Rep. Tim Huelskamp, who recently lost his primary, cited “a lack of transparency” as his reasoning for forcing roll call votes on uncontroversial legislation — effectively derailing Tuesday’s vote schedule.
Huelskamp said his threat to sidestep leadership by forcing a vote on the impeachment of IRS Commissioner John Koskinen despite the House Freedom Caucus striking a deal to wait until after the election had nothing to do with his decision. By rejecting voice votes on what are normally noncontroversial bills, it adds hours to the process, which forced leadership to delay a significant number of the 35 votes placed on the schedule Friday until later in the week.
Fellow House Freedom Caucus member Rep. John Fleming told reporters he believes the move was likely due to a number of bills the congressman considered too controversial.
“My understanding is, I’m hearing complaints a number of those bills are substantive and not necessarily noncontroversial and there are a number of members who are upset, because I think a lot of the time people just knee jerk and vote yes on suspension bills,” he said.
The Kansas Republican said he hasn’t spoken to any members who think voting on suspension bills is good for transparency.
“This has been going on, this happens to be, we think, the biggest day in four years, I’m not sure what the numbers are, certainly the biggest day in the last two years to throw things on the suspension calendar. How did they get on there? Who knows, it’s not a transparent open process, it’s 7:09 p.m. on Friday, the majority leader’s office sent out an email.
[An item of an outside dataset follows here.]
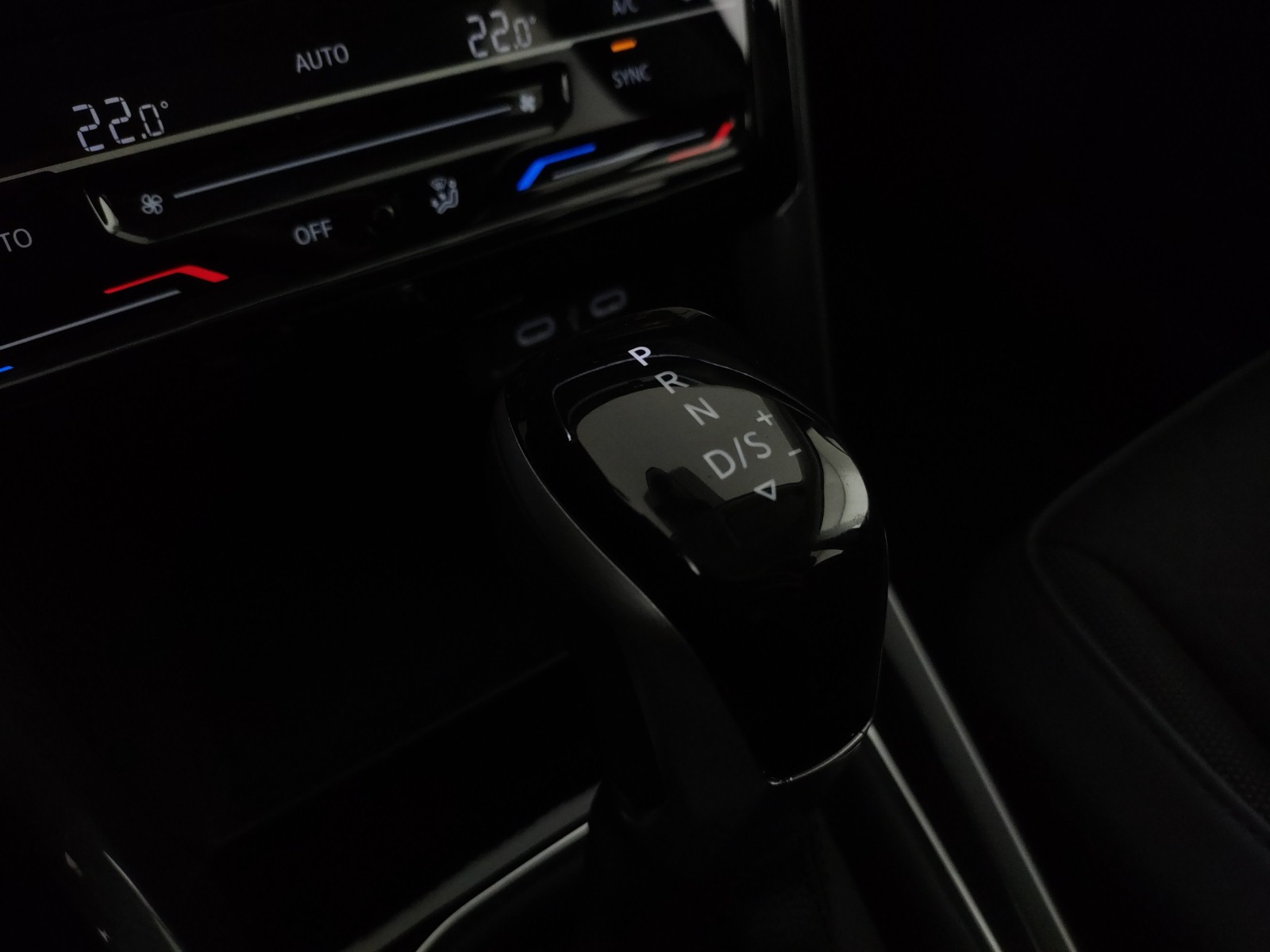 Volkswagen T-Cross Usato 2023 T-Cross Legnago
I asked some of the Democrats, ‘How’d your bill get on the calendar?’ ‘I don’t know,’ Why would people be opposed to having votes on it?”
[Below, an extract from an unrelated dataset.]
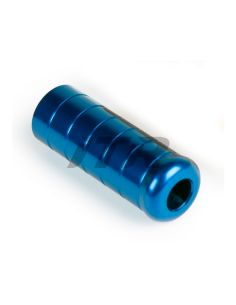 REPOSAPIES ESTRIBERAS TIPO 1 COLOR IT2953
Huelskamp argued a number of the bills shouldn’t have been considered under the suspension of the rules, alleging leadership added the bills Friday evening with the intention of increasing the odds of members overlooking what would be voted on.
“Throwing 49 suspensions on the calendar, hoping people won’t look at it, hoping the American people — they all deserve to see how they vote on it,” Huelskamp said. “Two years ago they did 30 in one week, this time last year, but that’s a question I would ask Kevin McCarthy’s office and the speaker’s office. How did they get on this calendar? Why are they on there?”
While Huelskamp says he has complained to leadership in the past, he didn’t discuss his plan to require roll call votes on the majority of the scheduled suspension bills — catching a number of his colleagues on both sides of the aisle off guard.
“I have not heard what his rational is, I don’t know,” House Majority Leader Kevin McCarthy told The Daily Caller News Foundation. “We’ll just vote the votes.”
“I’m not sure why he’s doing it,” Democratic Rep. Rick Nolan told reporters, noting congressional procedure used to require every bill to come up on an open rule, leading to members spending hours on votes.
With another 14 suspension bills scheduled to be voted Wednesday, Huelskamp, who has faulted leadership’s lack of effort to help him retain his seat as part of the reason he lost his primary, said he’s considering continuing his demand for roll call votes.